### Entries supplied

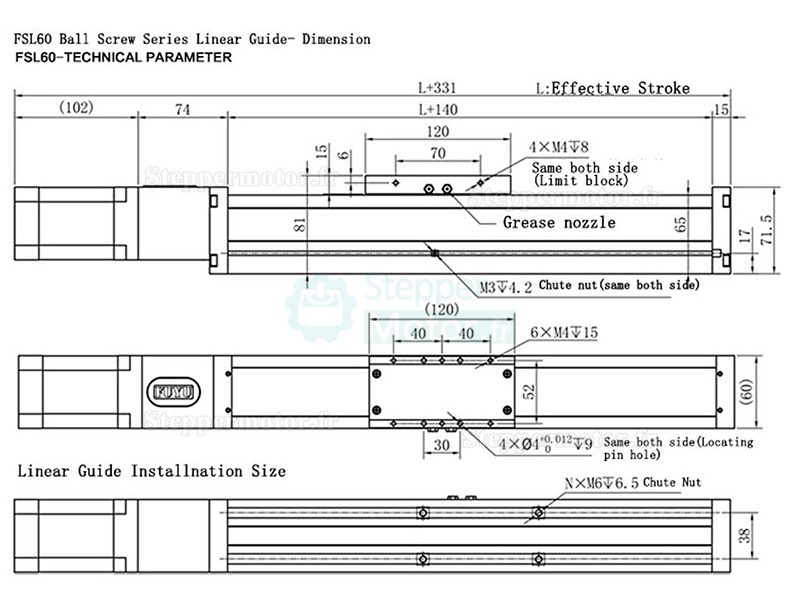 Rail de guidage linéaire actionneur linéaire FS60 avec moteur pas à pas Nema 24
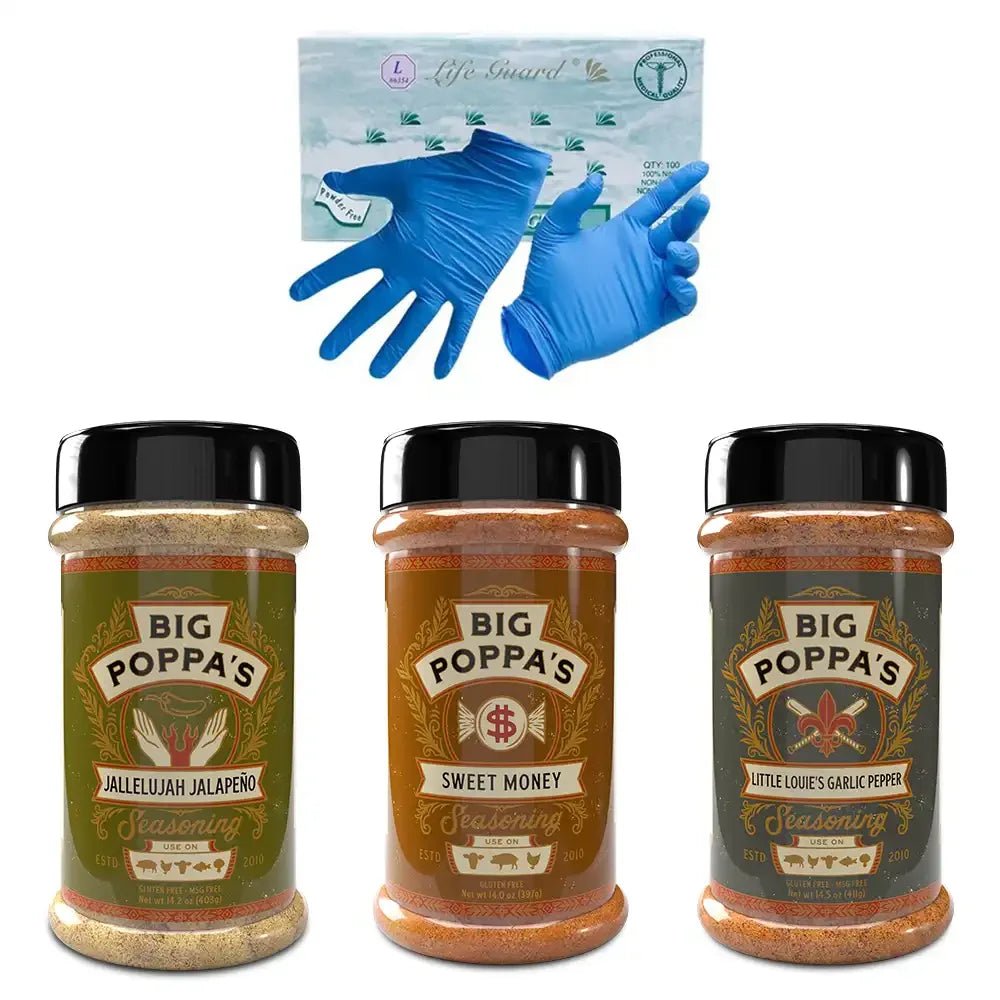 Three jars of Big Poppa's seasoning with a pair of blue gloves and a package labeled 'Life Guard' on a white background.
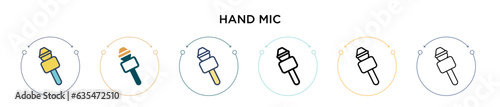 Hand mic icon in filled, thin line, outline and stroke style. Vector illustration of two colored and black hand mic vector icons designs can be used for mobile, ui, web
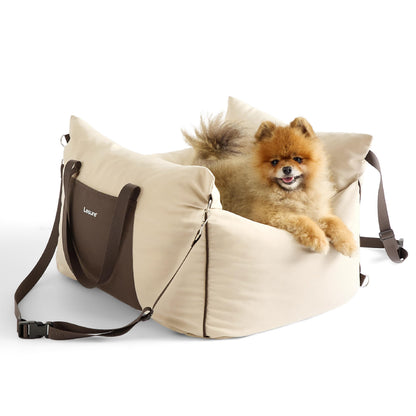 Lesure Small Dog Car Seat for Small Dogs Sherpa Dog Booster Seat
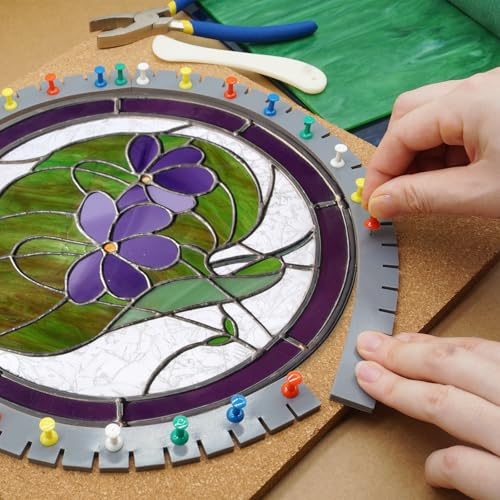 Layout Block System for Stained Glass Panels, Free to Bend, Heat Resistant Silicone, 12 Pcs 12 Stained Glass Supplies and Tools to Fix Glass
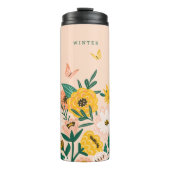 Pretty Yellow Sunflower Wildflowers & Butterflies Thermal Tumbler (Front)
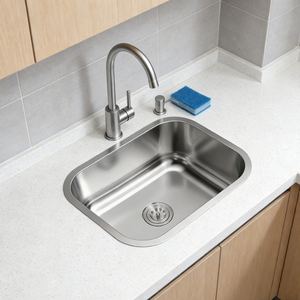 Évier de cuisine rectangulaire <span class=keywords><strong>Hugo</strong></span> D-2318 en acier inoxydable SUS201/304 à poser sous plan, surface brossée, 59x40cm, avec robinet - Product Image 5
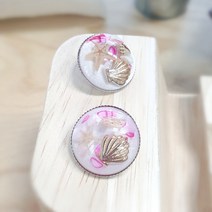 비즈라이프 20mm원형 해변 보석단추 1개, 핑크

### Task instructions
Give again, exactly as written above, every line from the one holding "Lesure Small Dog" to the one holding "Layout Block System", with both ends kept and the pictures left out.

### Answer to this exercise
 Lesure Small Dog Car Seat for Small Dogs Sherpa Dog Booster Seat
 Layout Block System for Stained Glass Panels, Free to Bend, Heat Resistant Silicone, 12 Pcs 12 Stained Glass Supplies and Tools to Fix Glass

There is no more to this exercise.